Publié le 16/02/2012

Extrait du document

TEXTE A
Trois espèces de spectateurs composent ce qu'on est convenu d'appeler le public : premièrement, les femmes ; deuxièmement, les penseurs ; troisièmement, la foule proprement dite. Ce que la foule demande presque exclusivement à l'œuvre dramatique, c'est de l'action ; ce que les femmes y veulent avant tout, c'est de la passion ; ce qu'y cherchent plus spécialement les penseurs, ce sont des caractères. Si l'on étudie attentivement ces trois classes de spectateurs, voici ce qu'on remarque : la foule est tellement amoureuse de l'action, qu'au besoin elle fait bon marché des caractères et des passions. Les femmes, que l'action intéresse d'ailleurs, sont si absorbées par les développements de la passion, qu'elles se préoccupent peu du dessin des caractères ; quant aux penseurs, ils ont un tel goût de voir des caractères, c'est-à-dire des hommes, vivre sur la scène, que, tout en accueillant volontiers la passion comme incident naturel dans l'œuvre dramatique, ils en viennent presque à y être importunés par l'action. Cela tient à ce que la foule demande surtout au théâtre des sensations ; la femme, des émotions ; le penseur, des méditations. Tous veulent un plaisir ; mais ceux-ci, le plaisir des yeux ; celles-là, le plaisir du cœur ; les derniers, le plaisir de l'esprit. De là, sur notre scène, trois espèces d'œuvres bien distinctes : l'une vulgaire et inférieure, les deux autres illustres et supérieures, mais qui toutes les trois satisfont un besoin : le mélodrame pour la foule ; pour les femmes, la tragédie qui analyse la passion ; pour les penseurs, la comédie qui peint l'humanité.[…]

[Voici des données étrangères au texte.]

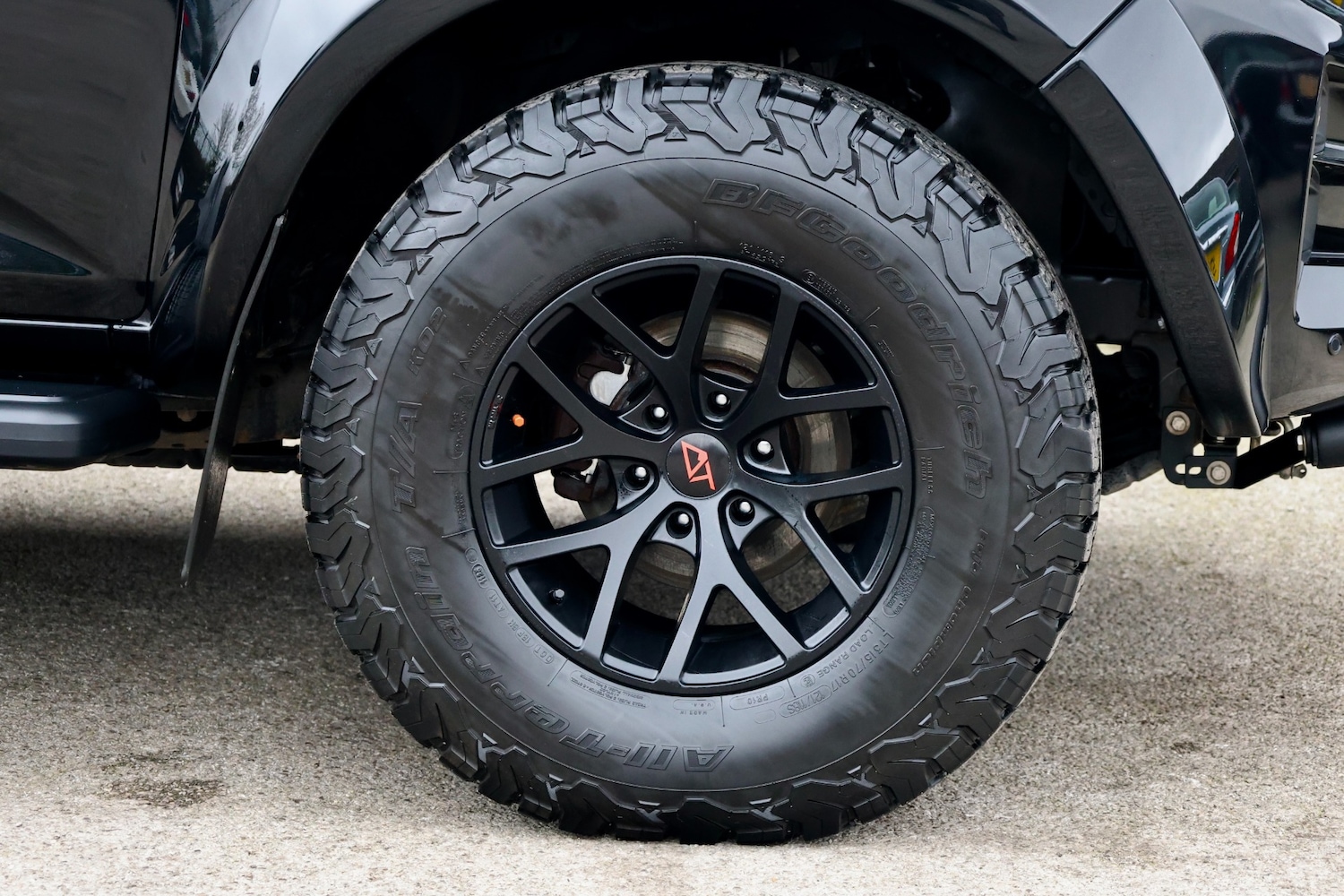 Used Isuzu D-Max 2023 for sale - 77991852: Photo 26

On le voit, le drame tient de la tragédie par la peinture des passions, et de la comédie par la peinture des caractères. Le drame est la troisième grande forme de l'art, comprenant, enserrant, et fécondant les deux premières. Corneille et Molière existeraient indépendamment l'un de l'autre, si Shakespeare n'était entre eux, donnant à Corneille la main gauche, à Molière la main droite. De cette façon, les deux électricités opposées de la comédie et de la tragédie se rencontrent, et l'étincelle qui en jaillit, c'est le drame.
Ruy Blas, Hugo, 1838 (extrait de la préface)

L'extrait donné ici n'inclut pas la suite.